━━ PROVIDED RECORDS

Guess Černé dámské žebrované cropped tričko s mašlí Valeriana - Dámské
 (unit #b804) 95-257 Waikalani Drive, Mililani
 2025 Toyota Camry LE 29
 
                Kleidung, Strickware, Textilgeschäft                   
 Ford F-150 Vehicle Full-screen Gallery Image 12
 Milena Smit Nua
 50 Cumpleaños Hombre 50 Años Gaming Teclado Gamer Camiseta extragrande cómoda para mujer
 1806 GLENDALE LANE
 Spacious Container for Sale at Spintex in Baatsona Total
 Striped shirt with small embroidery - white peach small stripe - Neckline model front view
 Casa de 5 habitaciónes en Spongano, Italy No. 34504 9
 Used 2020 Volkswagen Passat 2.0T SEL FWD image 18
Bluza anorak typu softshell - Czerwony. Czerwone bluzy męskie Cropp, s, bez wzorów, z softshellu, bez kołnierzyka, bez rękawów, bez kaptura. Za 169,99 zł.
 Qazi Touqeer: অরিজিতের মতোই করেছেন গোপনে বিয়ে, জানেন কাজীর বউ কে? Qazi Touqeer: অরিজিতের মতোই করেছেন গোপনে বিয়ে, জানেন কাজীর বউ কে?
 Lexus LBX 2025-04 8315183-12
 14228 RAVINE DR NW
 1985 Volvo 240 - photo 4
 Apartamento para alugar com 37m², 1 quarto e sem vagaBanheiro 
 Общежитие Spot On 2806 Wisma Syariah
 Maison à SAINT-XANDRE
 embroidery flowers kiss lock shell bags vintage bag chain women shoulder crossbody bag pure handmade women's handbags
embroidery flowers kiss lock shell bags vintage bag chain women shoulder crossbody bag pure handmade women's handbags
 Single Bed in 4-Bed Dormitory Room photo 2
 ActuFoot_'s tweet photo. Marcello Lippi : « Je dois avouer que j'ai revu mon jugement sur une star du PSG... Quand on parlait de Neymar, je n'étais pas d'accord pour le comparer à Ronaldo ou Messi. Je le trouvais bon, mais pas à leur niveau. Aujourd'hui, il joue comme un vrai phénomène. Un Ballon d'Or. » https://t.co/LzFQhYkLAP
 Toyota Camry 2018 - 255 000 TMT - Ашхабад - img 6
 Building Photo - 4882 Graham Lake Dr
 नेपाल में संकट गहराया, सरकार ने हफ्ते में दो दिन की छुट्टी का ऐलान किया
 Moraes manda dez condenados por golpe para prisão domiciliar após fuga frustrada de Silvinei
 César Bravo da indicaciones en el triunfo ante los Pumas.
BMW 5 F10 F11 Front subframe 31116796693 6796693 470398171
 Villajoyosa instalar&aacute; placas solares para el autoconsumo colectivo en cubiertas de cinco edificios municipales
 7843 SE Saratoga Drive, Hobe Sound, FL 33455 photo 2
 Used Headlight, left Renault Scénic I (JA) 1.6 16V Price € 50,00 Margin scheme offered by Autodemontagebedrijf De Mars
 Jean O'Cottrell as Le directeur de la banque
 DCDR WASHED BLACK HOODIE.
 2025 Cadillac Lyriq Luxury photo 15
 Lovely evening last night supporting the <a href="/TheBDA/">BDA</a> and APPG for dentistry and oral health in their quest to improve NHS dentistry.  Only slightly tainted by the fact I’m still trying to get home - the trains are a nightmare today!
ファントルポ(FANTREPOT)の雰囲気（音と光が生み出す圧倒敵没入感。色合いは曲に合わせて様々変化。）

━━━━

TO DO -
Give back every line of the data exactly as it was written.

EXERCISE RESPONSE -
Guess Černé dámské žebrované cropped tričko s mašlí Valeriana - Dámské
 (unit #b804) 95-257 Waikalani Drive, Mililani
 2025 Toyota Camry LE 29
 
                Kleidung, Strickware, Textilgeschäft                   
 Ford F-150 Vehicle Full-screen Gallery Image 12
 Milena Smit Nua
 50 Cumpleaños Hombre 50 Años Gaming Teclado Gamer Camiseta extragrande cómoda para mujer
 1806 GLENDALE LANE
 Spacious Container for Sale at Spintex in Baatsona Total
 Striped shirt with small embroidery - white peach small stripe - Neckline model front view
 Casa de 5 habitaciónes en Spongano, Italy No. 34504 9
 Used 2020 Volkswagen Passat 2.0T SEL FWD image 18
Bluza anorak typu softshell - Czerwony. Czerwone bluzy męskie Cropp, s, bez wzorów, z softshellu, bez kołnierzyka, bez rękawów, bez kaptura. Za 169,99 zł.
 Qazi Touqeer: অরিজিতের মতোই করেছেন গোপনে বিয়ে, জানেন কাজীর বউ কে? Qazi Touqeer: অরিজিতের মতোই করেছেন গোপনে বিয়ে, জানেন কাজীর বউ কে?
 Lexus LBX 2025-04 8315183-12
 14228 RAVINE DR NW
 1985 Volvo 240 - photo 4
 Apartamento para alugar com 37m², 1 quarto e sem vagaBanheiro 
 Общежитие Spot On 2806 Wisma Syariah
 Maison à SAINT-XANDRE
 embroidery flowers kiss lock shell bags vintage bag chain women shoulder crossbody bag pure handmade women's handbags
embroidery flowers kiss lock shell bags vintage bag chain women shoulder crossbody bag pure handmade women's handbags
 Single Bed in 4-Bed Dormitory Room photo 2
 ActuFoot_'s tweet photo. Marcello Lippi : « Je dois avouer que j'ai revu mon jugement sur une star du PSG... Quand on parlait de Neymar, je n'étais pas d'accord pour le comparer à Ronaldo ou Messi. Je le trouvais bon, mais pas à leur niveau. Aujourd'hui, il joue comme un vrai phénomène. Un Ballon d'Or. » https://t.co/LzFQhYkLAP
 Toyota Camry 2018 - 255 000 TMT - Ашхабад - img 6
 Building Photo - 4882 Graham Lake Dr
 नेपाल में संकट गहराया, सरकार ने हफ्ते में दो दिन की छुट्टी का ऐलान किया
 Moraes manda dez condenados por golpe para prisão domiciliar após fuga frustrada de Silvinei
 César Bravo da indicaciones en el triunfo ante los Pumas.
BMW 5 F10 F11 Front subframe 31116796693 6796693 470398171
 Villajoyosa instalar&aacute; placas solares para el autoconsumo colectivo en cubiertas de cinco edificios municipales
 7843 SE Saratoga Drive, Hobe Sound, FL 33455 photo 2
 Used Headlight, left Renault Scénic I (JA) 1.6 16V Price € 50,00 Margin scheme offered by Autodemontagebedrijf De Mars
 Jean O'Cottrell as Le directeur de la banque
 DCDR WASHED BLACK HOODIE.
 2025 Cadillac Lyriq Luxury photo 15
 Lovely evening last night supporting the <a href="/TheBDA/">BDA</a> and APPG for dentistry and oral health in their quest to improve NHS dentistry.  Only slightly tainted by the fact I’m still trying to get home - the trains are a nightmare today!
ファントルポ(FANTREPOT)の雰囲気（音と光が生み出す圧倒敵没入感。色合いは曲に合わせて様々変化。）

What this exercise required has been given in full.